US, NATO Warships Exercise Off Russia’s Arctic Coast
WASHINGTON: An American destroyer is holding naval exercises with Norwegian and British frigates just 115 miles off Russia’s Arctic coastline, capping two weeks of US and Russian maneuvering in the skies above Europe and the waters close to key terrain.
The UK-led drills are taking place in international waters, but inside Russia’s claimed 200 nautical mile Exclusive Economic Zone. (These zones restrict foreign commercial activity such as fishing and drilling, but military operations in another country’s EEZ are allowed under international law). The transit is the latest example of what looks to be a new normal for the Navy as more vessels move north into the Arctic, including what US and Norwegian officials say will be more US submarines calling at the refurbished port of Tromso, Norway, above the Arctic Circle.
The UK-led exercise is being led by the Royal Navy frigate HMS Sutherland, joined by the Arleigh Burke-class destroyer USS Ross, British Royal Fleet Auxiliary RFA Tidespring, and Royal Norwegian frigate HNoMS Thor Heyerdahl, and Danish and Norwegian patrol aircraft.
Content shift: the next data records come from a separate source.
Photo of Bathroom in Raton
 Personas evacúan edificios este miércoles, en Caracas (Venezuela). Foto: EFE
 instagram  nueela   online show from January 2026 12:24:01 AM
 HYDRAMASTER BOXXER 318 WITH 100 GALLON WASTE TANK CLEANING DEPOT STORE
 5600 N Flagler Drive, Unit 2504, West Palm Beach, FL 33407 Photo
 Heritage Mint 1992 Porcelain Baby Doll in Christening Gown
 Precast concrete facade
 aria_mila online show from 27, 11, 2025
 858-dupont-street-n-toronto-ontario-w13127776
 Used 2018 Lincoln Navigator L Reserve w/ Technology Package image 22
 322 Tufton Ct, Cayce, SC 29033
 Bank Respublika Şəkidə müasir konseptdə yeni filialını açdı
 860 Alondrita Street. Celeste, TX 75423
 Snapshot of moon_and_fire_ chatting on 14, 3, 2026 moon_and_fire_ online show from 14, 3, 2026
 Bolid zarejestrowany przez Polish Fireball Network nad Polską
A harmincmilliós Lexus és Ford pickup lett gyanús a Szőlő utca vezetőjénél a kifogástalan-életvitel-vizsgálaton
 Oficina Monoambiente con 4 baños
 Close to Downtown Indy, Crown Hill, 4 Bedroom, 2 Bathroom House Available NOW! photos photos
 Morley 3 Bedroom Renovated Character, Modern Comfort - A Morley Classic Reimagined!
The small task force is operating off Russia’s Fisherman peninsula, a small protrusion that makes up part of the larger Kola peninsula which houses Russia’s powerful Northern Fleet and the country’s main submarine base, and bristles with missile batteries.
Though the ships are close to the Russian mainland, “all activity taking place these coming days will be in International waters,” Norway’s National Joint Headquarters spokesman Lt. Col. Ivar Moen told me via email.
That only means so much to the watchful Russians nearby, however. On Tuesday, a Russian MiG-29 fighter jet attached to the Northern Fleet intercepted a Norwegian P‑3 Orion over the Barents Sea, the latest in a string of Russian intercepts of Norwegian surveillance planes that have increased tensions in the region. On Saturday, a MiG-31 fighter trailed another Norwegian P‑3 over international waters, marking the third consecutive day Russian planes intercepted Norwegian aircraft.
So far, there have been no reports of Russian ships or submarines shadowing the NATO ships.
The British Royal Navy said in a statement that pushing the small task force into the High North “demonstrates the commitment of the UK and its allies to freedom of access and navigation in the region.”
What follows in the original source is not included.